• EXERCISE DESCRIPTION: From top to bottom, return the listing exactly as it appears, omitting its images.

• PROVIDED MATERIAL:

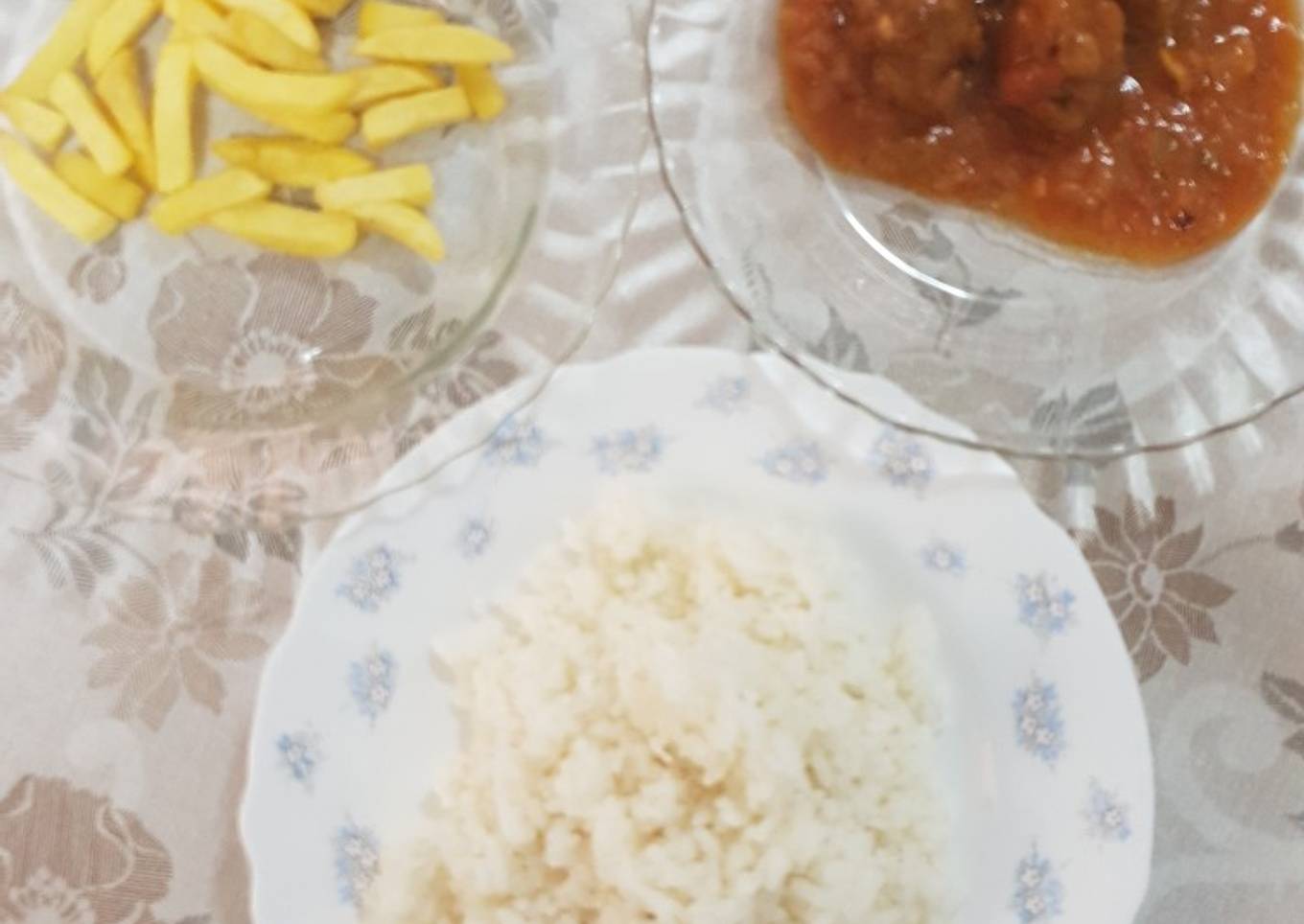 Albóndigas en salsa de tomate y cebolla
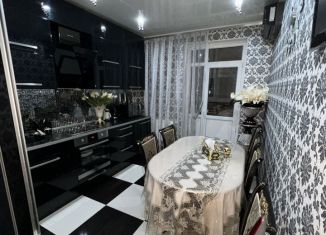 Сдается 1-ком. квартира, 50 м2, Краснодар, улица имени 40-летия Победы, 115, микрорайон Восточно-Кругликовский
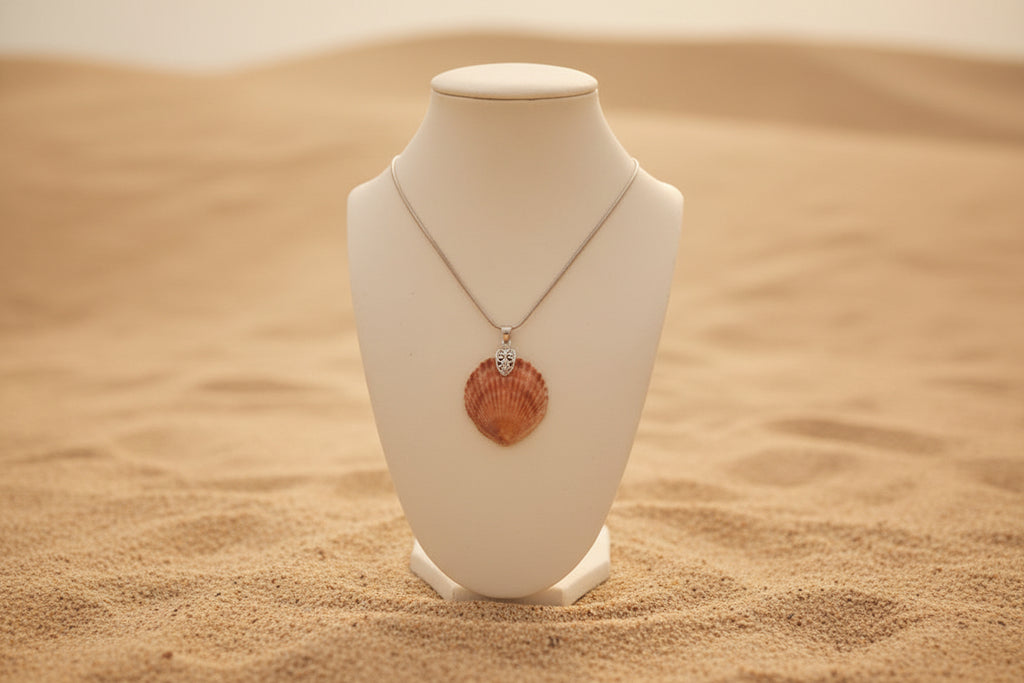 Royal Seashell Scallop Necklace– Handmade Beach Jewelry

• EXERCISE ANSWER:
 Albóndigas en salsa de tomate y cebolla
 Сдается 1-ком. квартира, 50 м2, Краснодар, улица имени 40-летия Победы, 115, микрорайон Восточно-Кругликовский
 Royal Seashell Scallop Necklace– Handmade Beach Jewelry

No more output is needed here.